Essentially, what is happening is you have created an array N in shared memory, and when you do a #pragma omp parallel sections, you're spawning as many worker threads as there are #pragma omp section's. Each time a worker thread tries to access and modify elements of a, it will execute a series of instructions: "read the n'th value of N from the given address", "modify the n'th value of N", "write the n'th value of N back to the given address". Since you have multiple threads with no locking or synchronization, the read, modify, and write instructions may be executed in any order by multiple processors, so the threads may overwrite each other's modifications or read a non-updated value.

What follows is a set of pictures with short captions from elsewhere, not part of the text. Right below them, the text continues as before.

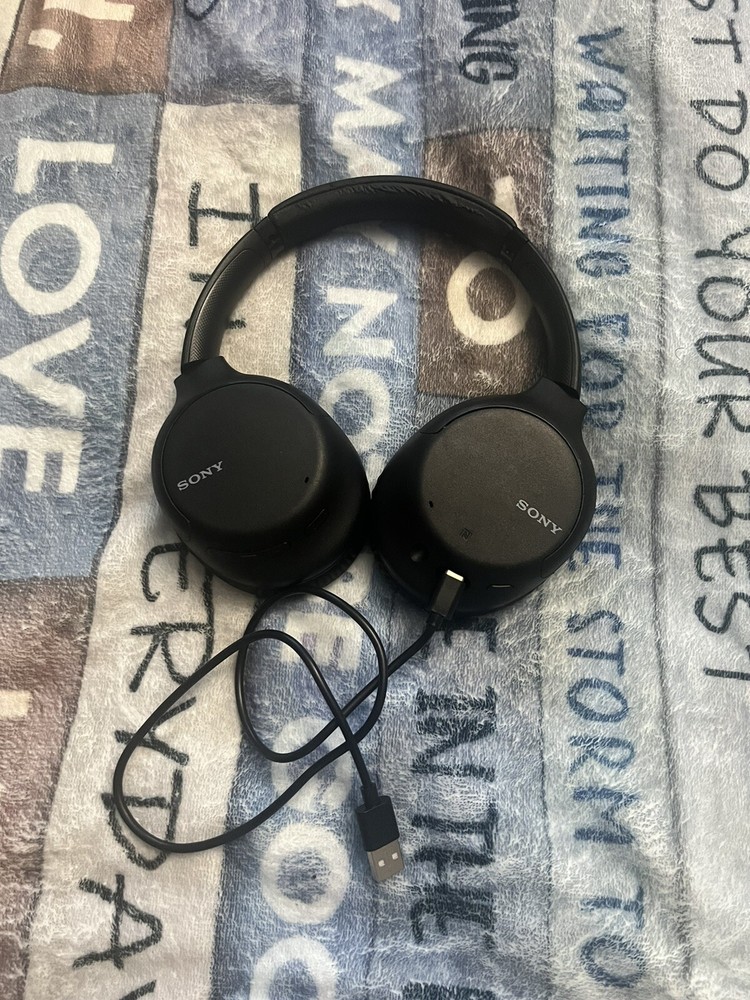 Sony WHCH710N Wireless Bluetooth Noise Cancelling Headphones - Black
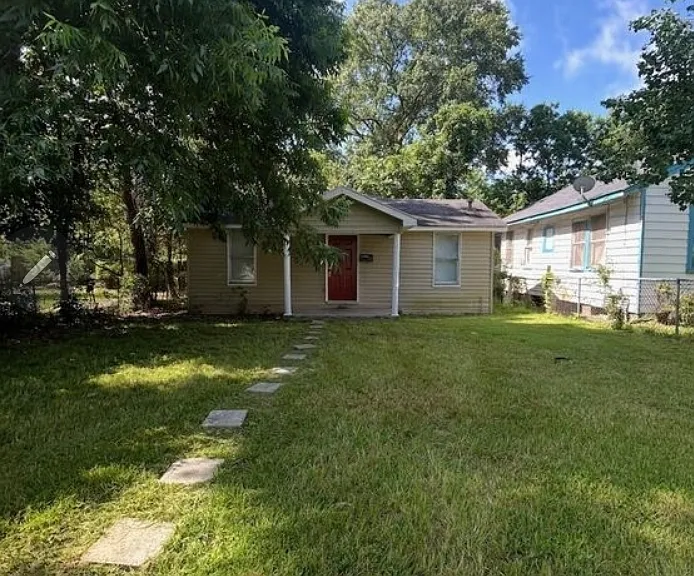 3149 Fulton St — Photo 1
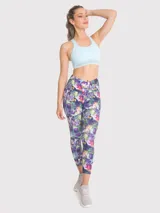 Top deportivo fucsia con soporte medio, almohadillas removibles, tirantes finos con detalle de encaje y espalda con tirante grueso central.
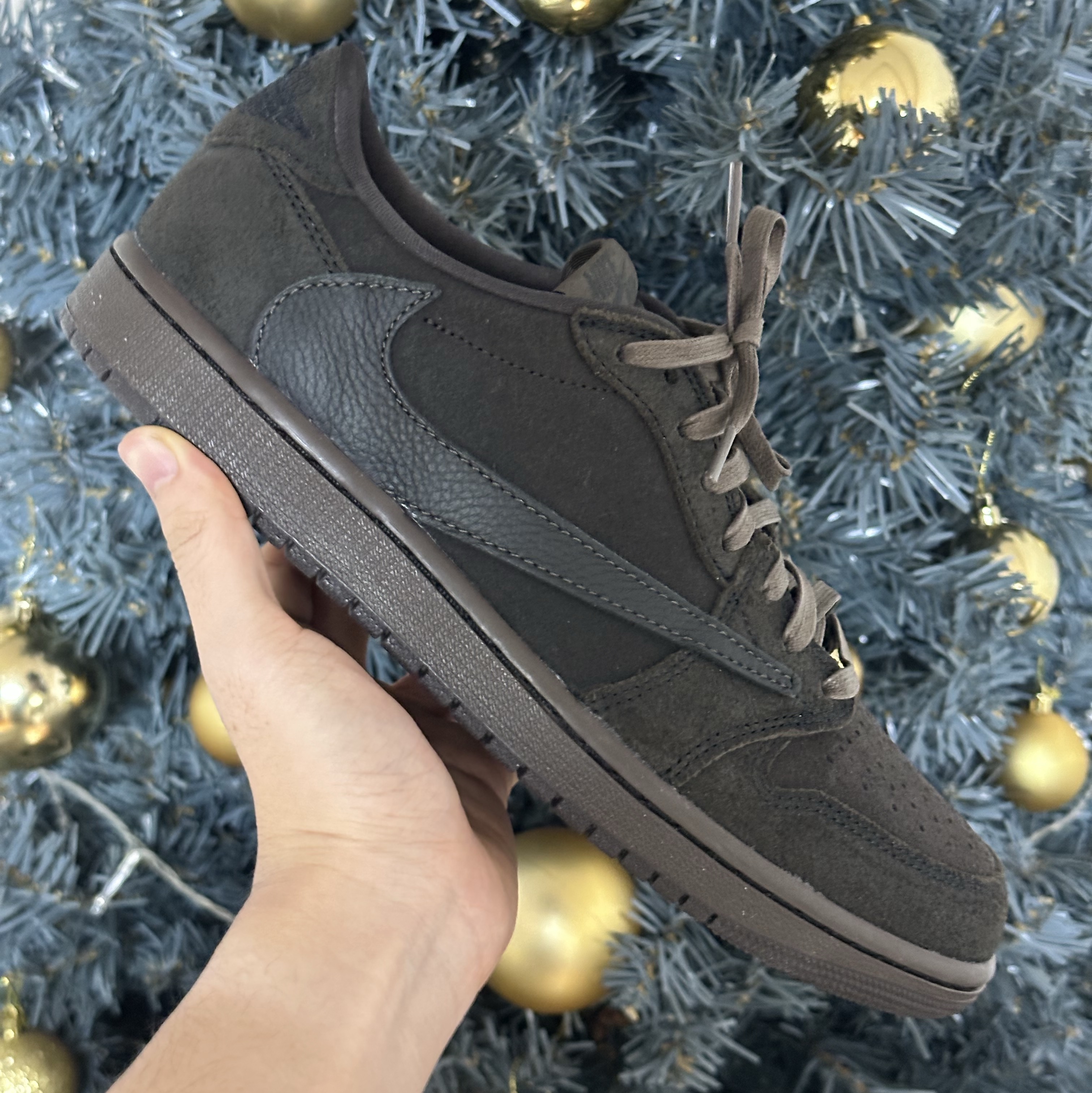 Jordan 1 x Travis Scott Retro Low OG SP Velvet Brown and Dark Mocha 착용 스타일 - 1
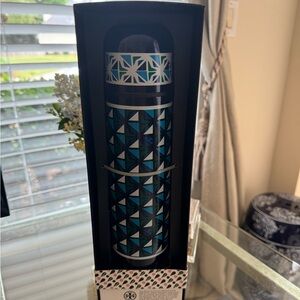 17 fl oz (502.7 ml) Tory Burch Vacuum Sealed Flask
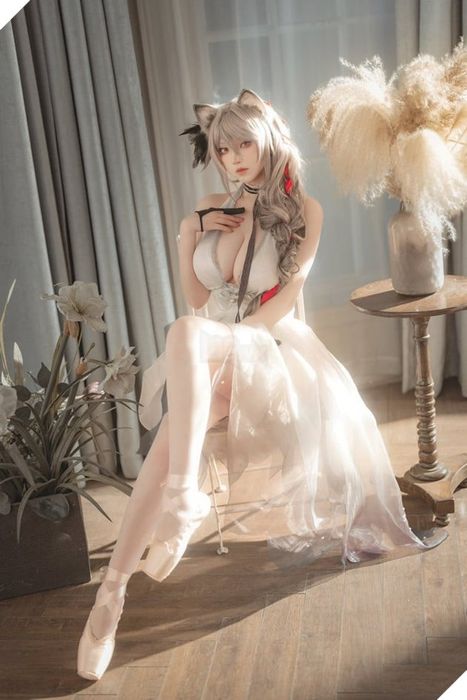 Cộng đồng mạng bất ngờ trước loạt ảnh cosplay 'đỉnh' của cosplayer sinh năm 2001! 6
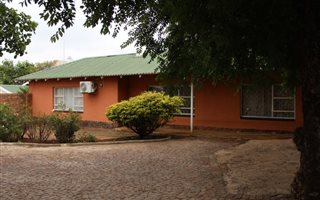 3 ha Farm in Zesfontein AH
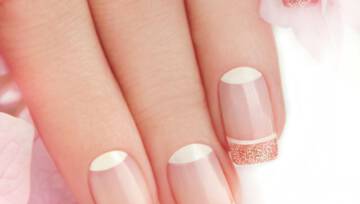 Zimowe paznokcie z brokatem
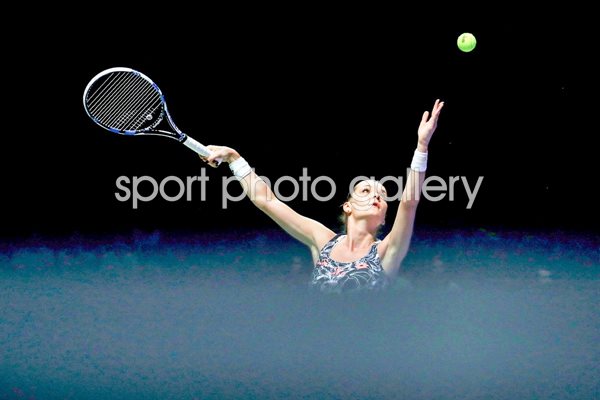 Agnieszka Radwanska serves BNP Paribas 2016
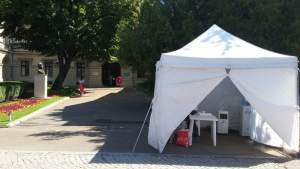 Peste o mie de ieșeni au apelat la ajutorul personalului de specialitate din corturile pregătite de municipalitate în perioada caniculară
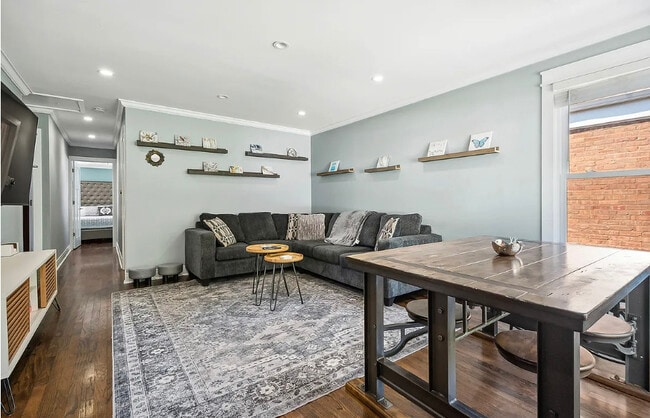 2124 Seward St in Evanston, IL - Building Photo - Building Photo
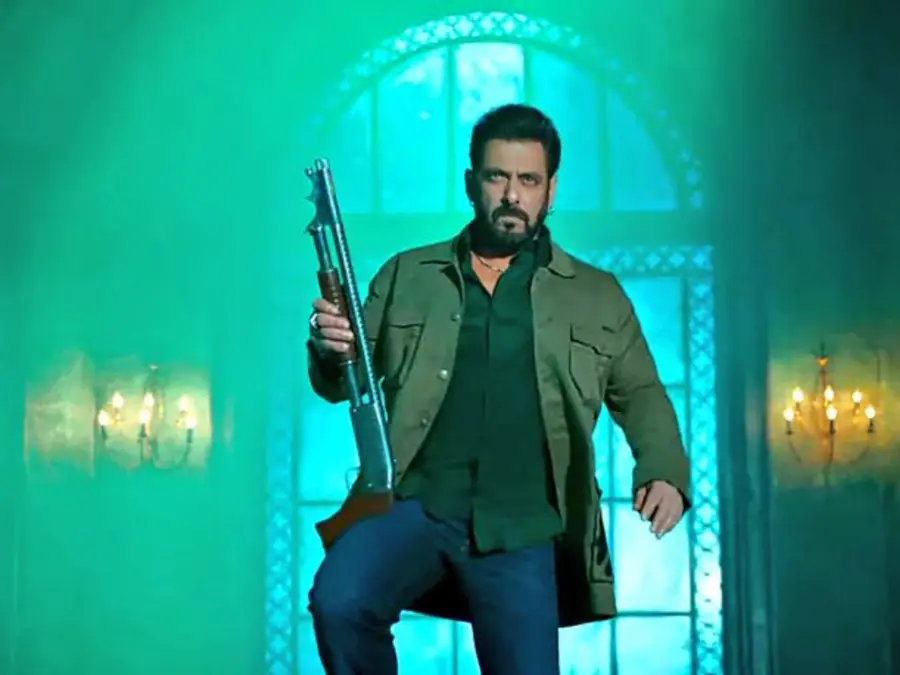 Salman Khan fortifies his Mumbai home with bulletproof glass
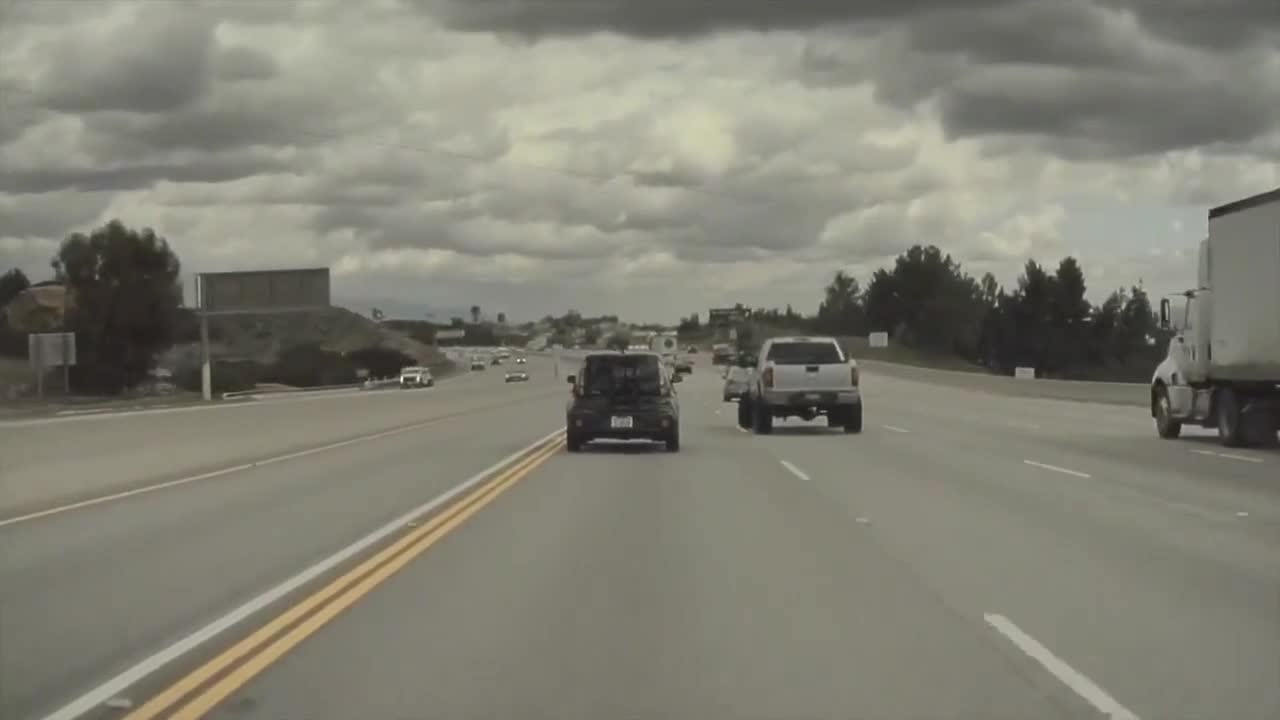Watch this video on Streamable.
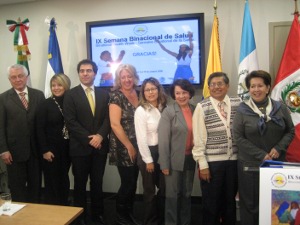 Cónsul General de México, Sr. Edgardo Flores Rivas, funcionarios del Departamento de Nutrición del Québec, Cónsul General del Perú, Sra. Lucia Trindade de Buitrón, Dr. Edward Chirito y la Cónsul General de Colombia, Sra. Martha Lucia Piñeros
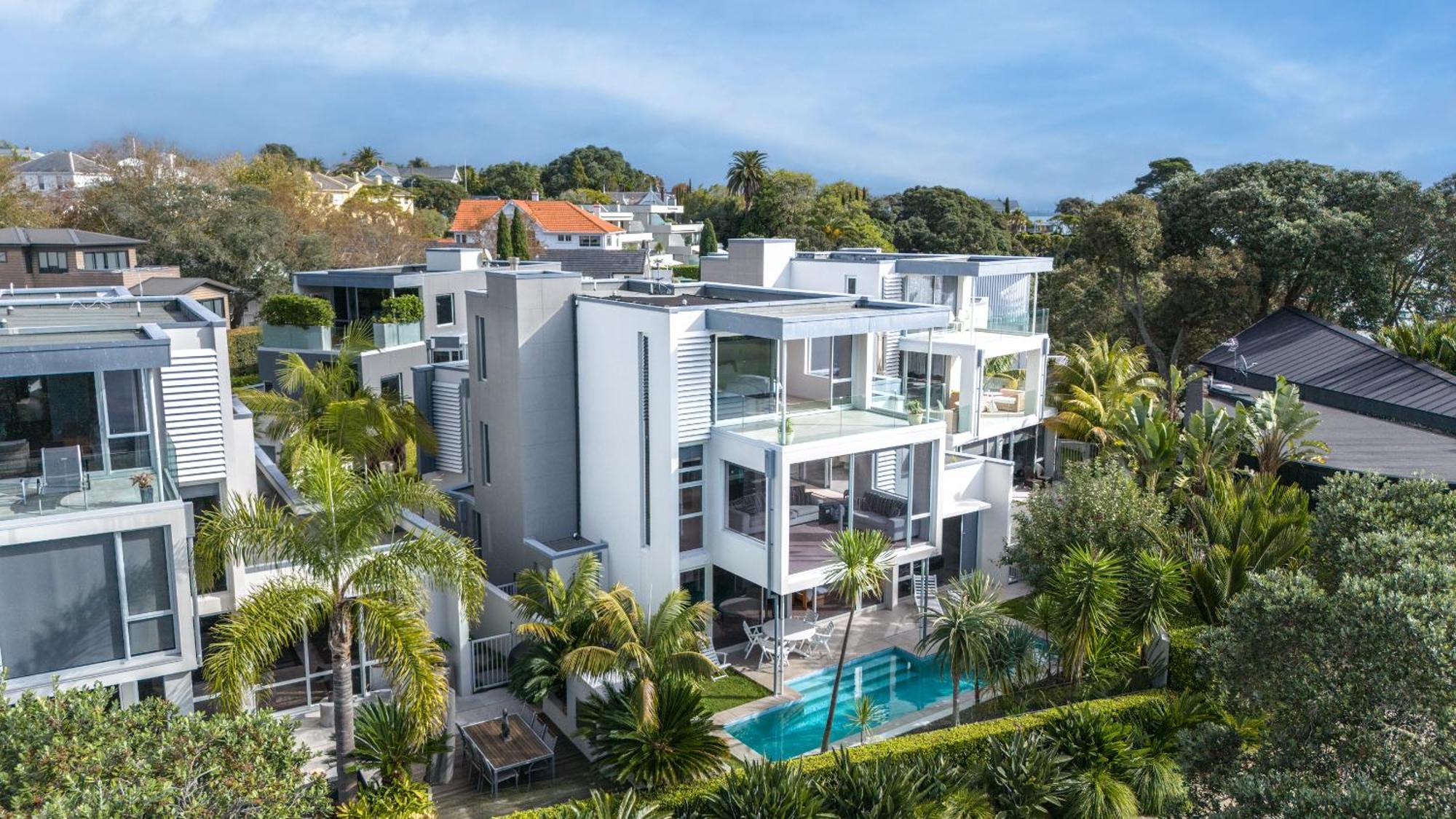 Sentinel Beach House - Holiday Retreat Holiday home Auckland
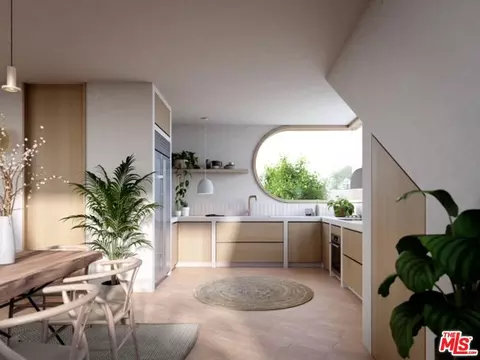 310 Mildred Ave, Venice, CA 90291 photo 4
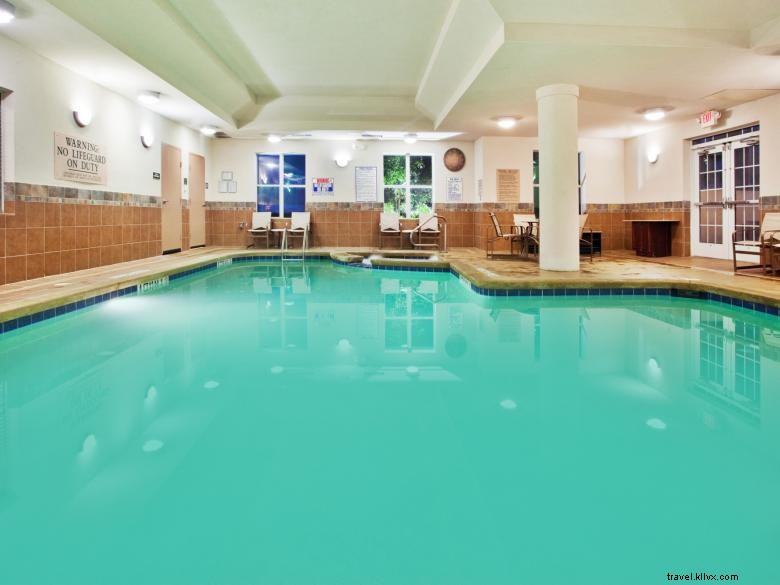 Country Inn & Suites by Radisson Athens – Comfortable Suites & Prime Athens Location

The best solution that I found (after many weeks of testing and benchmarking many solutions that I came up with) is to subdivide the list log(n) times, where n is the number of processors. For example, if you have a quad core machine (n = 4), subdivide the list 2 times (log(4) = 2) choosing pivots that are the medians of the data set. It is important that the pivots are medians, because otherwise you can end up with a case where a poorly chosen pivot causes the lists to be distributed unevenly amongst processes. Then each process does quicksort on its local subarray, then merges its results with the results of other processes. This is called "hyperquicksort", and from an initial github search, I found this. I can't vouch for the code in there, and can't publish any of the code that I wrote since it is protected under an NDA.
By the way, one of the best parallel sorting algorithm is PSRS (Parallel Sorting by Regular Sampling), which keeps list sizes more balanced amongst processes, doesn't unnecessarily communicate keys between processes, and can work on an arbitrary number of concurrent processes (they don't necessarily have to be a power of 2).